Theresa May’s Tories have missed their chance to rescue the British economy.

After six wasted years of failed Conservative austerity measures, Philip Hammond had the opportunity last month in the Autumn Statement to change course and put in place the economic policies that would deliver greater prosperity, and make sure it was fairly shared.

Instead, he chose to continue with cuts to public services and in-work benefits while failing to deliver the scale of investment needed to secure future prosperity. The sense of betrayal is palpable.

The headline figures are grim. An analysis by the Institute for Fiscal Studies shows that real wages will not recover their 2008 levels even after 2020. The Tories are overseeing a lost decade in earnings that is, in the words Paul Johnson, the director of the IFS, “dreadful” and unprecedented in modern British history.

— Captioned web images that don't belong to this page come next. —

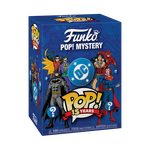 Pop! Mystery DC Comics (Metallic) with Pop! Protector, , hi-res view 1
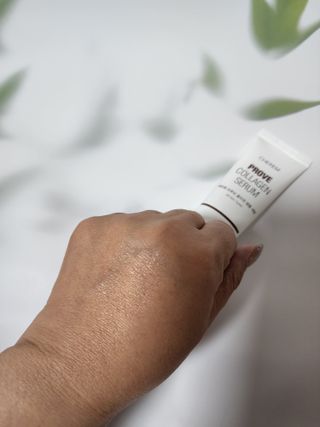 체르엠  프루브 콜라겐 앰플세럼 60ml 1병 — 4점을 준 리뷰어가 2022년 4월 올린 사용 사진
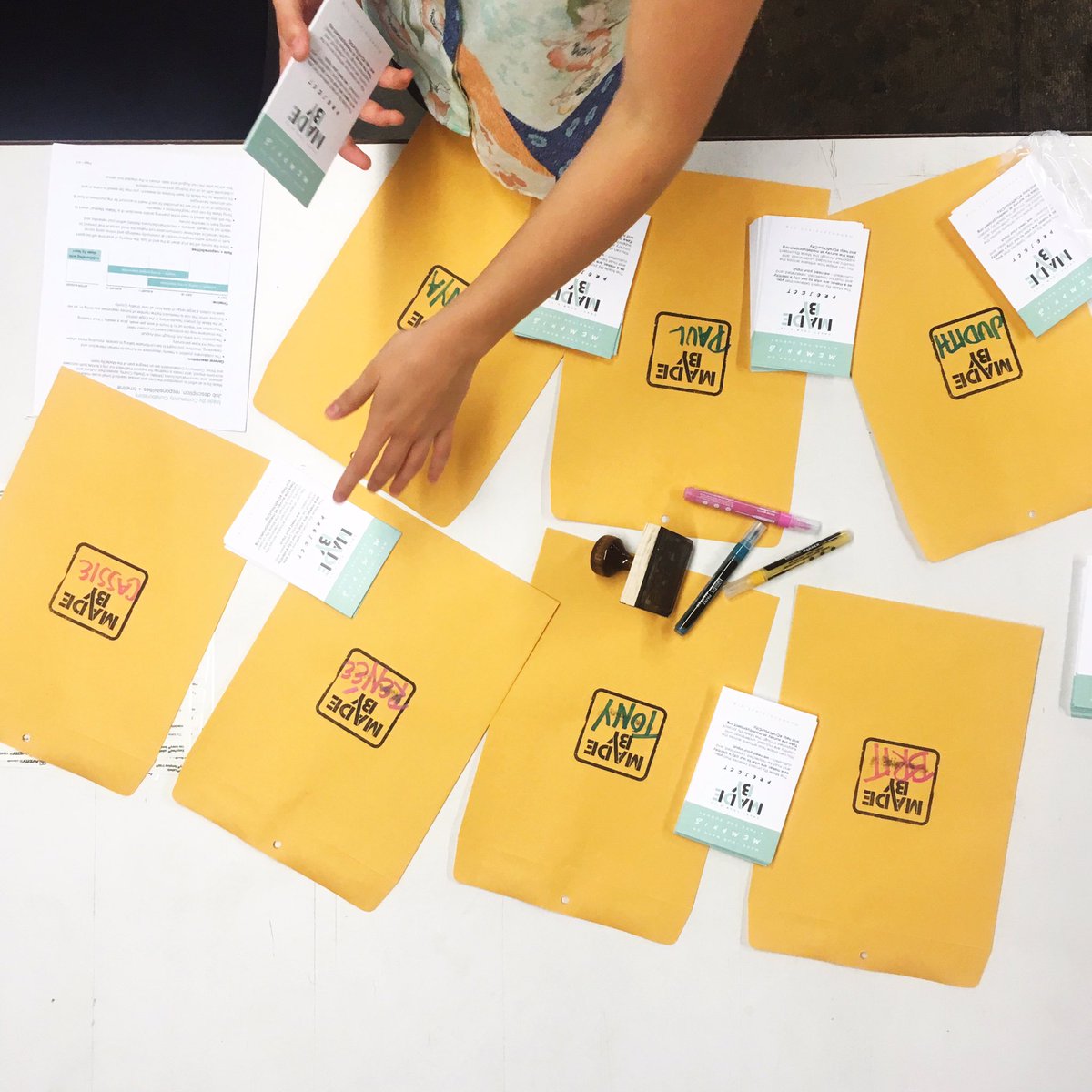 MadeByProject's tweet photo. Preparing to welcome our #CommunityCollaborators into the Little Bird nest this afternoon. #CraftYourCity https://t.co/JxAgbWxixw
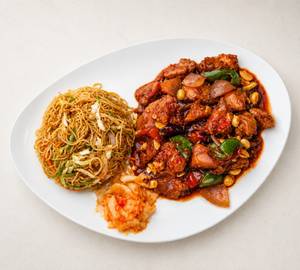 Chicken In Hot Garlic Sauce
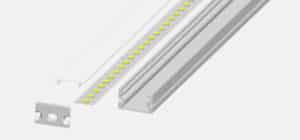 LED Aluminium Profile - Free Assemble LED Profile - LF2210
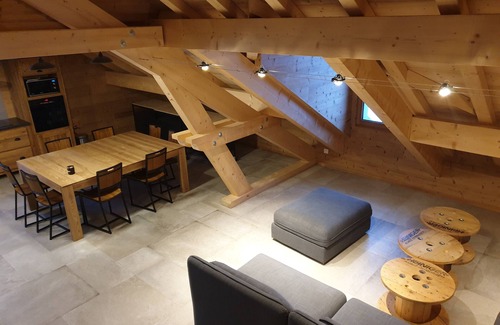 Rochejean Casa | The chalet.
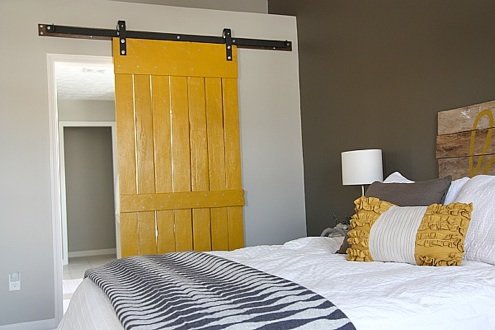 Beyond the Farm: Using Barn Doors at Home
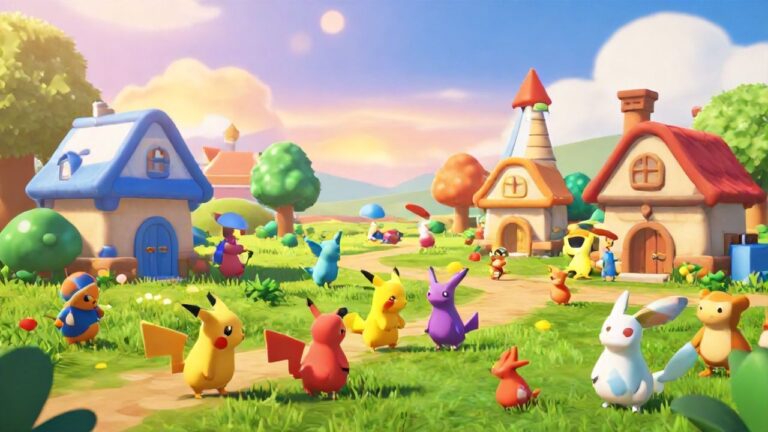 Почему Pokémon Pokopia становится новым фаворитом среди игр в жанре симуляторов жизни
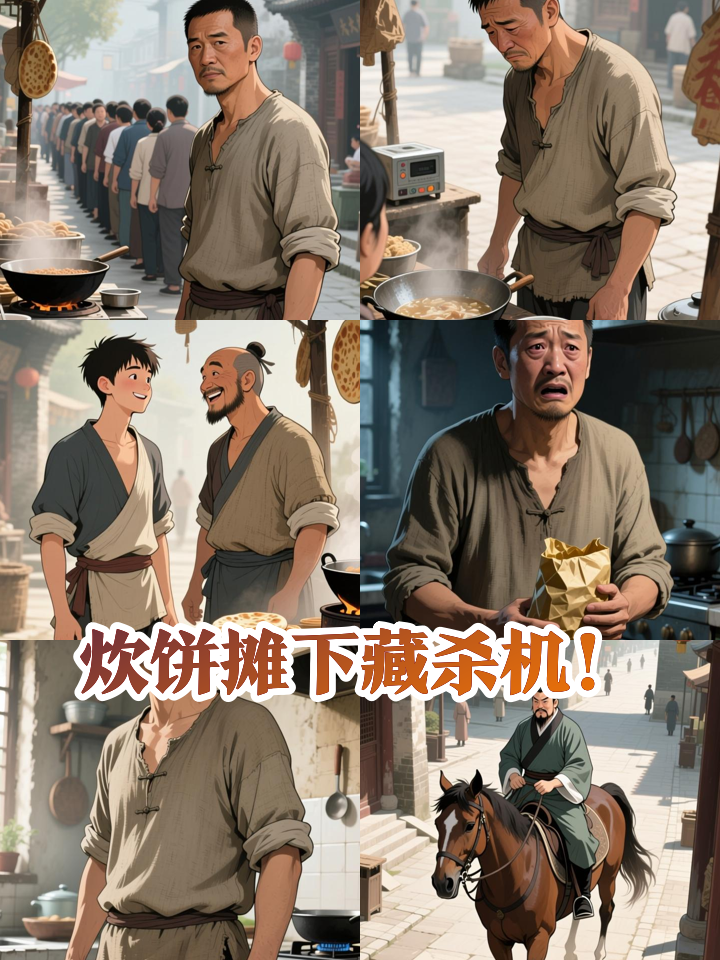 武大郎炊饼摊背后的致命交易，真相令人窒息！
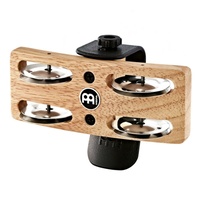 Meinl Percussion Professional Heel Tambourine - 2 Row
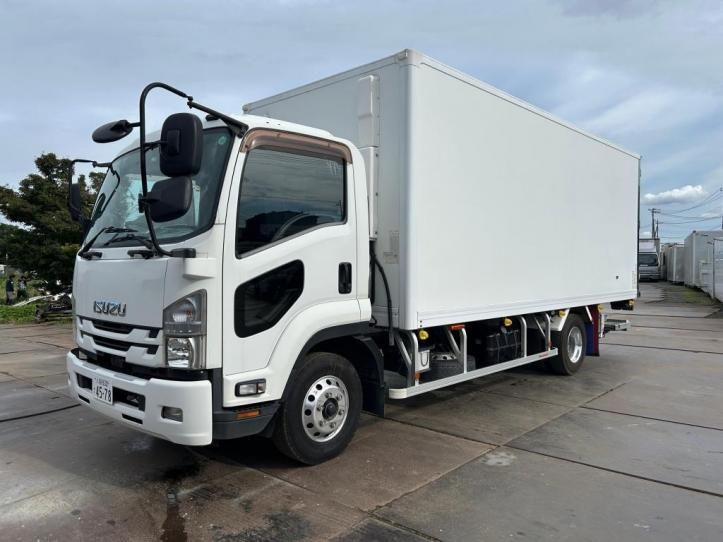 2016 Isuzu Forward - photo 1 2016 Isuzu Forward Truck for sale, Japanese used car export - photo 1 of 21 | GULJI TRADERS
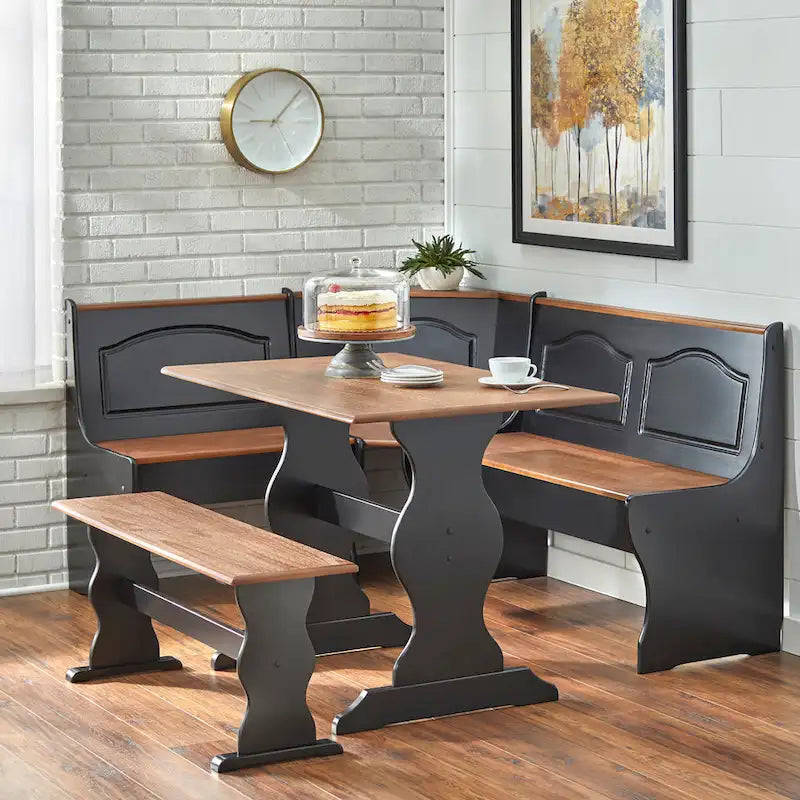 Simple Living Knox Nook 3-piece Dining Set - image 1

Meanwhile, the Treasury’s own analysis shows the cuts falling hardest on the poorest 30 per cent of the population. The Office for Budget Responsibility has reported that it expects a £122bn worsening in the public finances over the next five years. Of this, less than half – £59bn – is due to the Tories’ shambolic handling of Brexit. Most of the rest is thanks to their mishandling of the domestic economy.

 

Time to invest

The Tories may think that those people who are “just about managing” are an electoral demographic, but for Labour they are our friends, neighbours and the people we represent. People in all walks of life needed something better from this government, but the Autumn Statement was a betrayal of the hopes that they tried to raise beforehand.

Because the Tories cut when they should have invested, we now have a fundamentally weak economy that is unprepared for the challenges of Brexit. Low investment has meant that instead of installing new machinery, or building the new infrastructure that would support productive high-wage jobs, we have an economy that is more and more dependent on low-productivity, low-paid work. Every hour worked in the US, Germany or France produces on average a third more than an hour of work here.

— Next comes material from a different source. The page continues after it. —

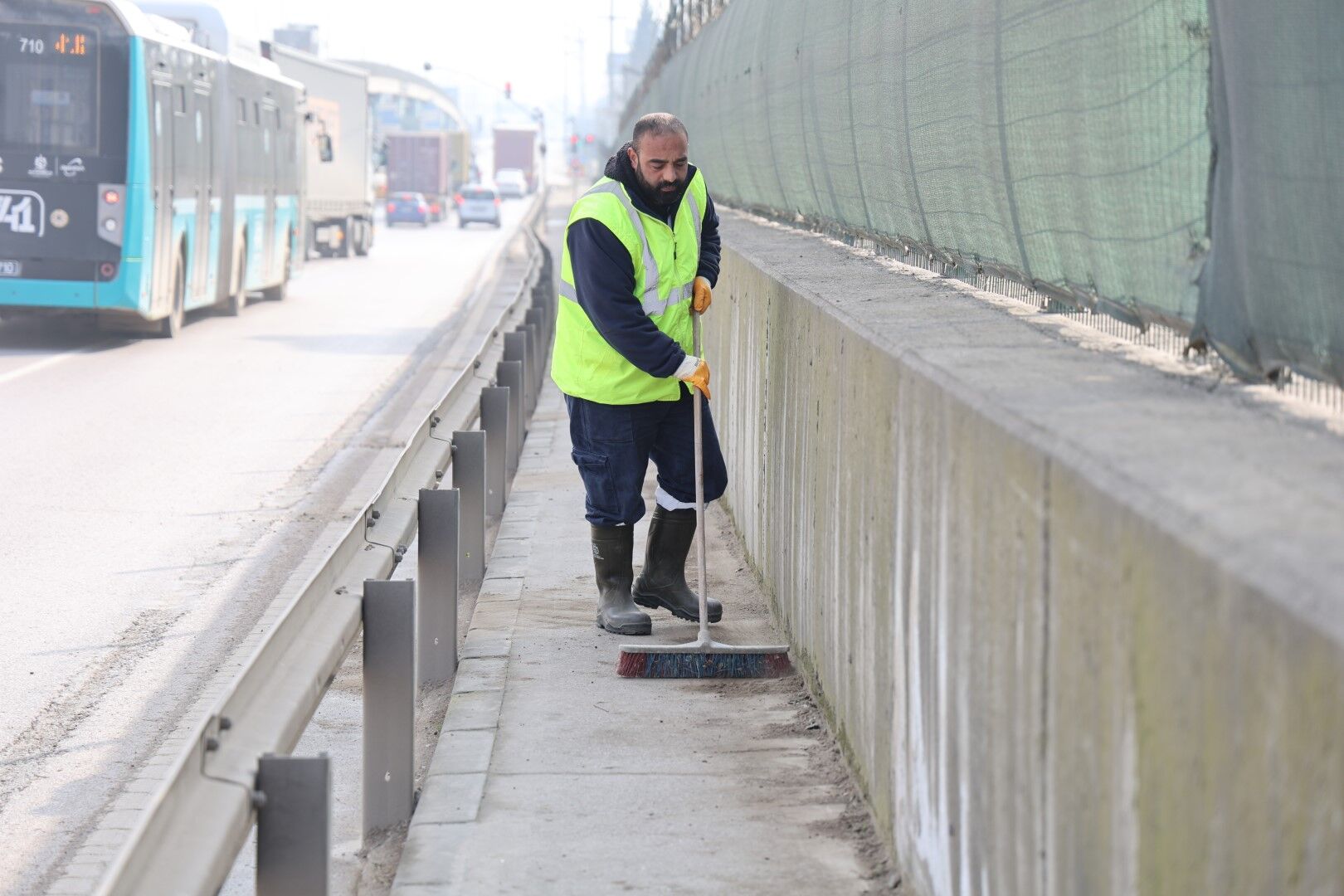 Büyükşehir, Kocaeli'yi Bayrama Hazırlıyor (5) (Büyük)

Labour has different priorities. We will deliver the necessary investment in infrastructure and research funding, and back it up with an industrial strategy that can sustain well-paid, secure jobs in the industries of the future such as renewables. We will fight for Britain’s continued tariff-free access to the single market. We will reverse the tax giveaways to the mega-rich and the giant companies, instead using the money to make sure the NHS and our education system are properly funded. In 2020 we will introduce a real living wage, expected to be £10 an hour, to make sure every job pays a wage you can actually live on. And we will rebuild and transform our economy so no one and no community is left behind.

 

May’s missing alternative

This week, the Bank of England governor, Mark Carney, gave an important speech in which he hit the proverbial nail on the head. He was completely right to point out that societies need to redistribute the gains from trade and technology, and to educate and empower their citizens. We are going through a lost decade of earnings growth, as Carney highlights, and the crisis of productivity will not be solved without major government investment, backed up by an industrial strategy that can deliver growth.

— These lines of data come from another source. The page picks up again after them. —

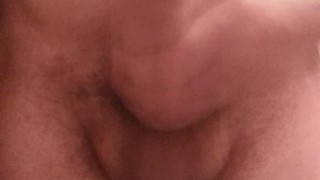 Home video. Masturbation big dick and finish sperma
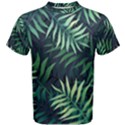 Green leaves Men s Cotton Tee View1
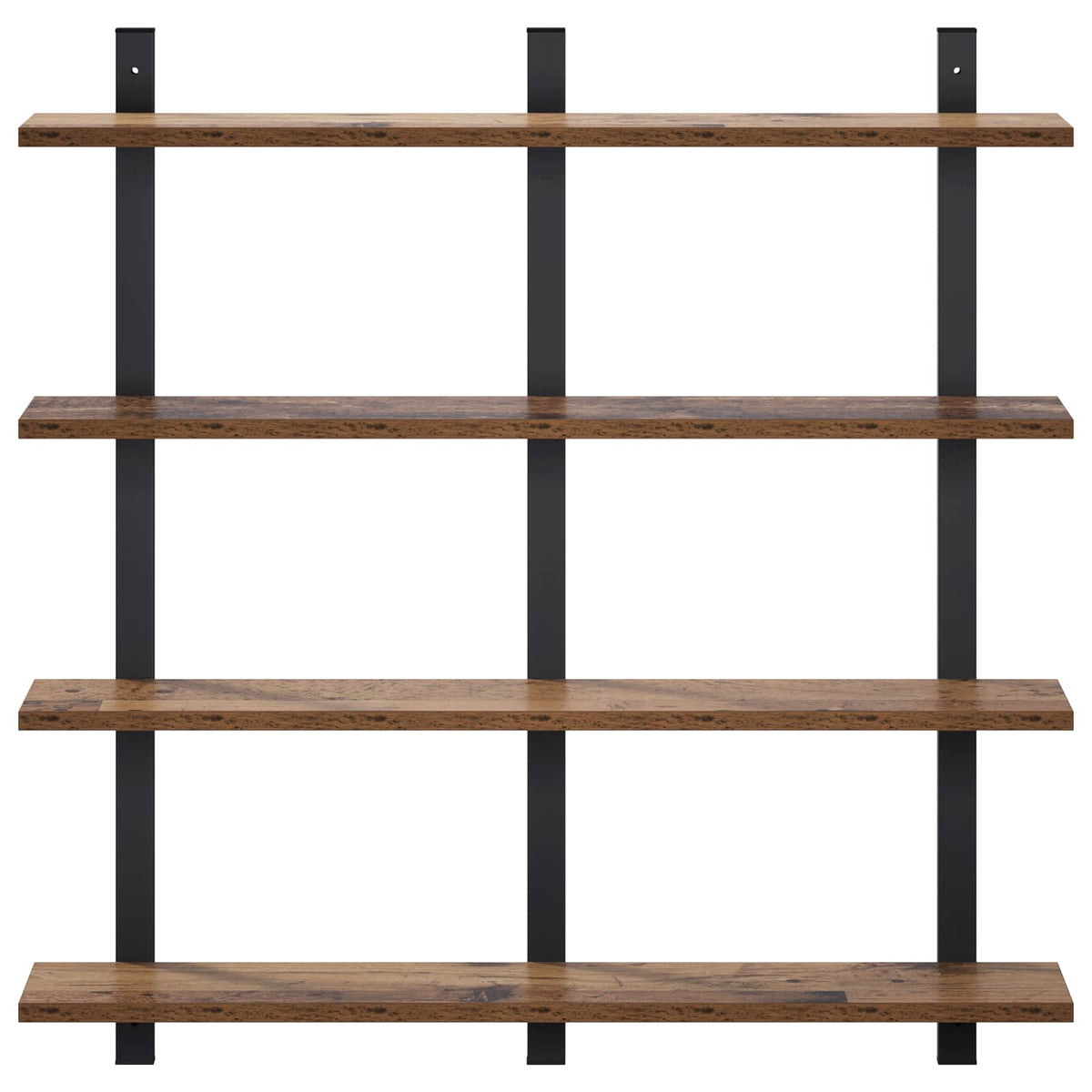 Ράφι Τοίχου Παλαιωμένο ξύλο 79,5 x 13,5 x 80 cm - Pakobazaar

Labour in government is committed to tackling the challenges of rising inequality, low wage growth, and driving up Britain’s productivity growth. But it is becoming clearer each day since Theresa May became Prime Minister that she, like her predecessor, has no credible solutions to the challenges our economy faces.

 

Crisis in Italy

The Italian people have decisively rejected the changes to their constitution proposed by Prime Minister Matteo Renzi, with nearly 60 per cent voting No. The Italian economy has not grown for close to two decades. A succession of governments has attempted to introduce free-market policies, including slashing pensions and undermining rights at work, but these have had little impact.

Renzi wanted extra powers to push through more free-market reforms, but he has now resigned after encountering opposition from across the Italian political spectrum. The absence of growth has left Italian banks with €360bn of loans that are not being repaid. Usually, these debts would be written off, but Italian banks lack the reserves to be able to absorb the losses. They need outside assistance to survive.

 

Bail in or bail out

The oldest bank in the world, Monte dei Paschi di Siena, needs €5bn before the end of the year if it is to avoid collapse. Renzi had arranged a financing deal but this is now under threat. Under new EU rules, governments are not allowed to bail out banks, like in the 2008 crisis. This is intended to protect taxpayers. Instead, bank investors are supposed to take a loss through a “bail-in”.

Unusually, however, Italian bank investors are not only big financial institutions such as insurance companies, but ordinary households. One-third of all Italian bank bonds are held by households, so a bail-in would hit them hard. And should Italy’s banks fail, the danger is that investors will pull money out of banks across Europe, causing further failures. British banks have been reducing their investments in Italy, but concerned UK regulators have asked recently for details of their exposure.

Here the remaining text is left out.